_EXERCISE MATERIAL:_
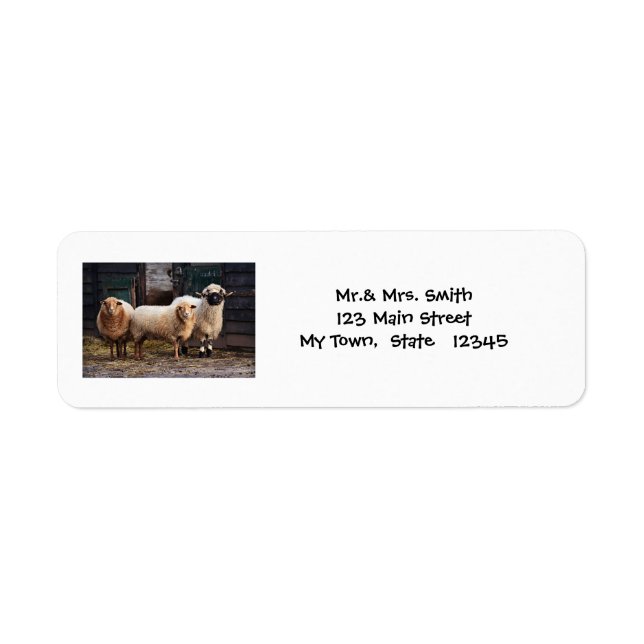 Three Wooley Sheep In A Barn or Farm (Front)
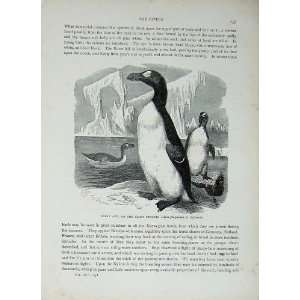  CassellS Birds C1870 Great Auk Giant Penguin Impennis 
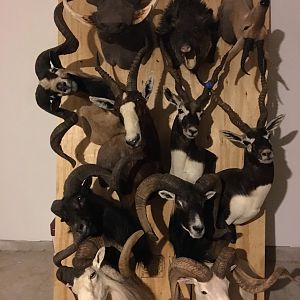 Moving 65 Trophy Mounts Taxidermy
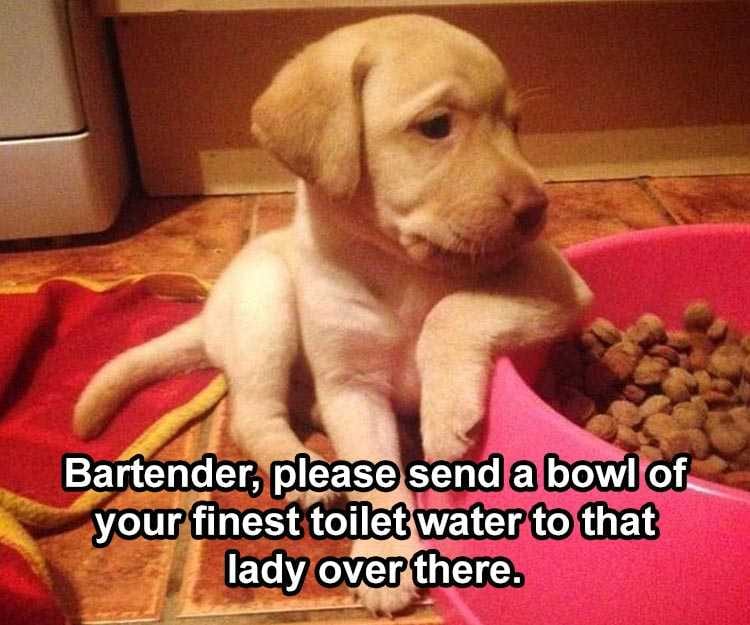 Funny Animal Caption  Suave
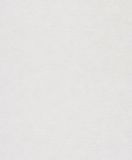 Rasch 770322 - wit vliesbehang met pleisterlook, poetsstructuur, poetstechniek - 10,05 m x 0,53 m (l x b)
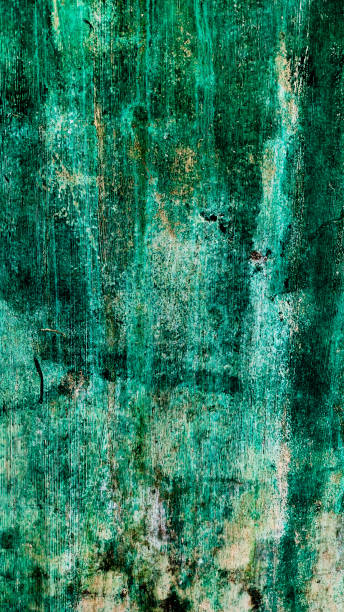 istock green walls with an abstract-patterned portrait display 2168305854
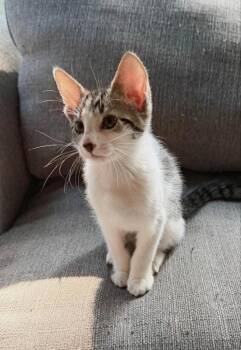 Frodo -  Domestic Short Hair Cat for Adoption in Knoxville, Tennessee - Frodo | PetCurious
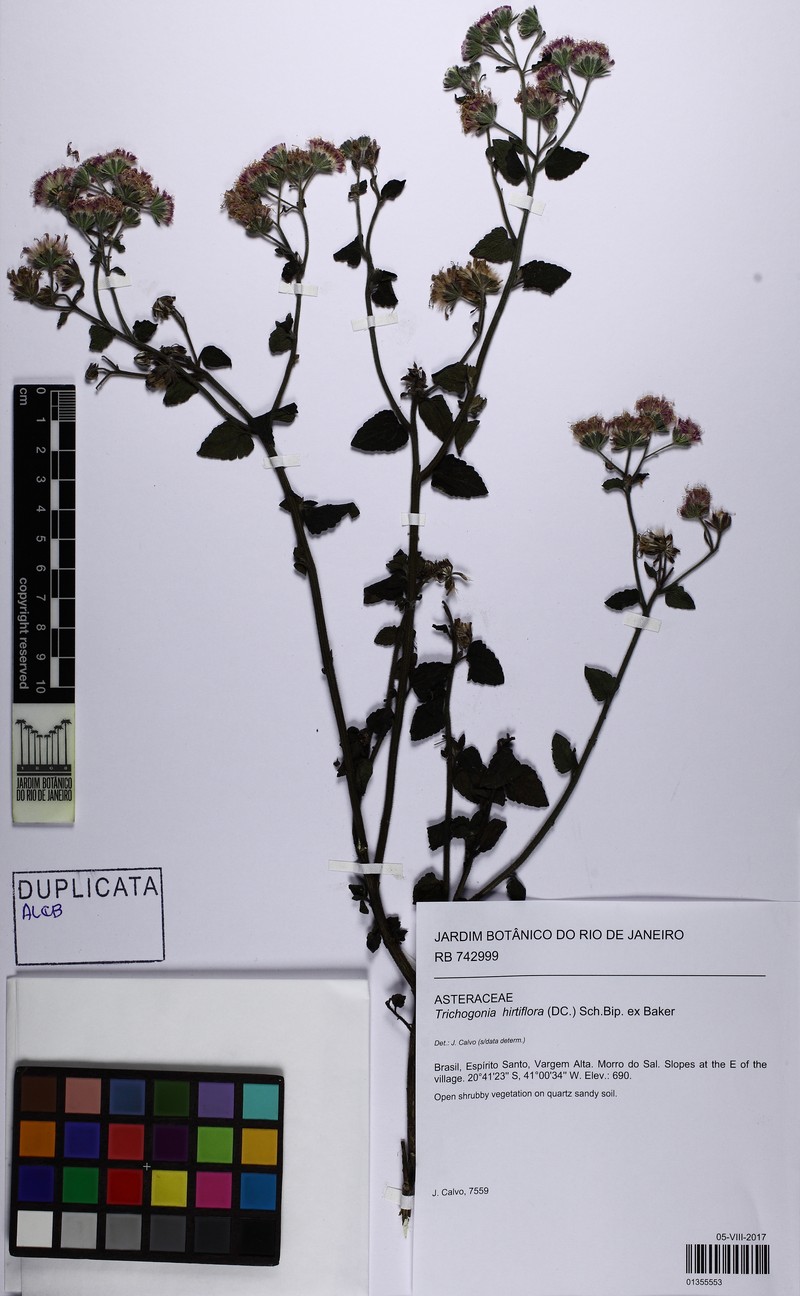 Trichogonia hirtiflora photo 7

_INSTRUCTIONS TO FOLLOW:_ No pictures, please. Output the listing above exactly as it stands.

_SOLUTION FOR THIS PROBLEM:_
 Three Wooley Sheep In A Barn or Farm (Front)
  CassellS Birds C1870 Great Auk Giant Penguin Impennis 
 Moving 65 Trophy Mounts Taxidermy
 Funny Animal Caption  Suave
 Rasch 770322 - wit vliesbehang met pleisterlook, poetsstructuur, poetstechniek - 10,05 m x 0,53 m (l x b)
 istock green walls with an abstract-patterned portrait display 2168305854
 Frodo -  Domestic Short Hair Cat for Adoption in Knoxville, Tennessee - Frodo | PetCurious
 Trichogonia hirtiflora photo 7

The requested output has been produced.